Work instructions:
The answer must reproduce exactly the lines from the one with "Steel Legs Lesro" through the end of the material, and it must contain no pictures.

Data:

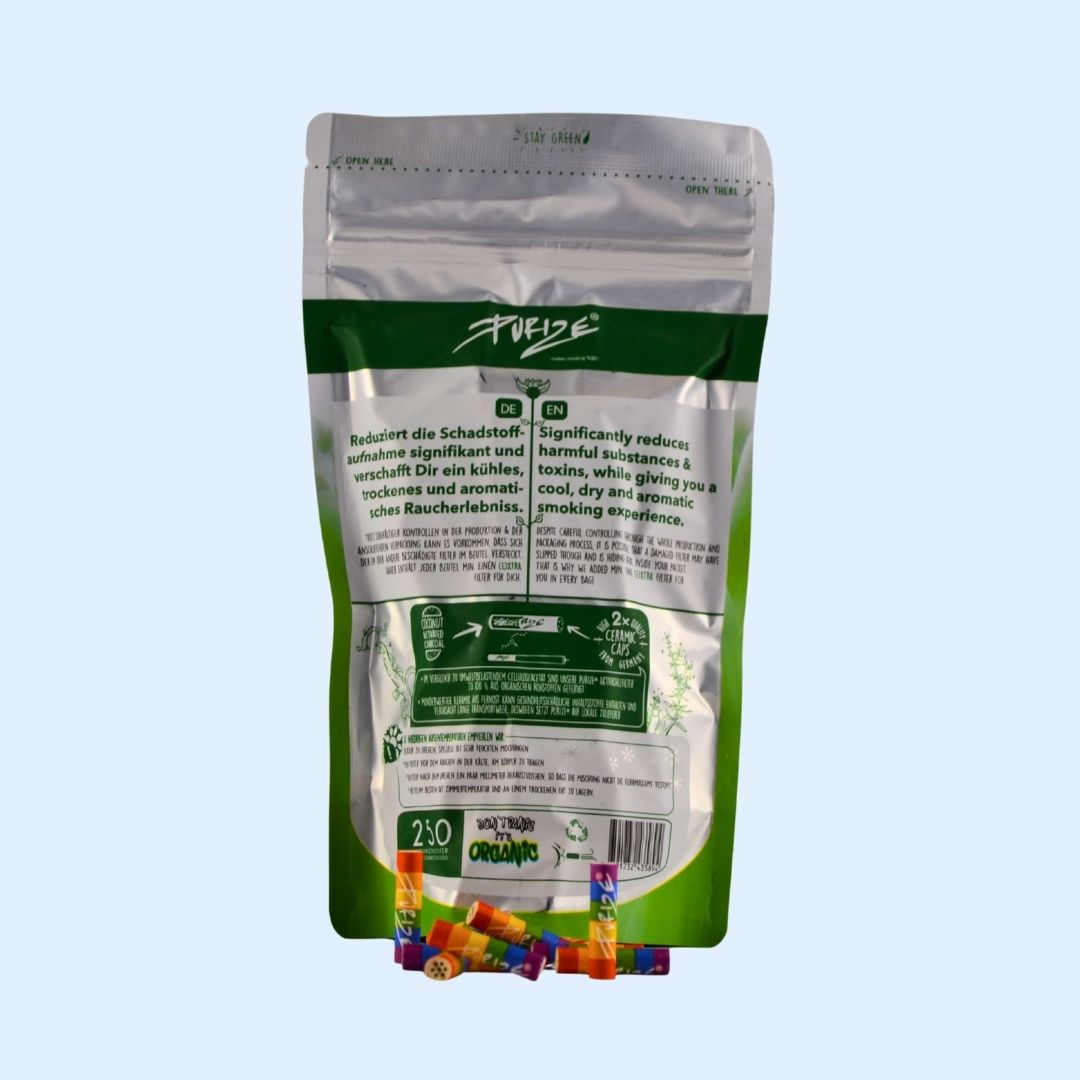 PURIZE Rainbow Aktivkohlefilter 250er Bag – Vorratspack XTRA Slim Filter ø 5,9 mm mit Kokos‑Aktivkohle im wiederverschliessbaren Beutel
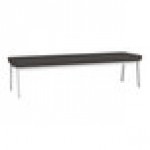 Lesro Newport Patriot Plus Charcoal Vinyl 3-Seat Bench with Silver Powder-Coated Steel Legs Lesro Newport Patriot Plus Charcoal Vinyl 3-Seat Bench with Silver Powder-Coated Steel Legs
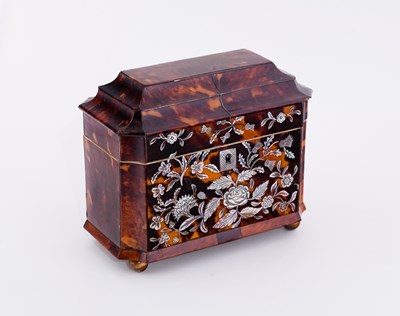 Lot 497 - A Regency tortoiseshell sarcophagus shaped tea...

Exercise answer:
 Lesro Newport Patriot Plus Charcoal Vinyl 3-Seat Bench with Silver Powder-Coated Steel Legs Lesro Newport Patriot Plus Charcoal Vinyl 3-Seat Bench with Silver Powder-Coated Steel Legs
 Lot 497 - A Regency tortoiseshell sarcophagus shaped tea...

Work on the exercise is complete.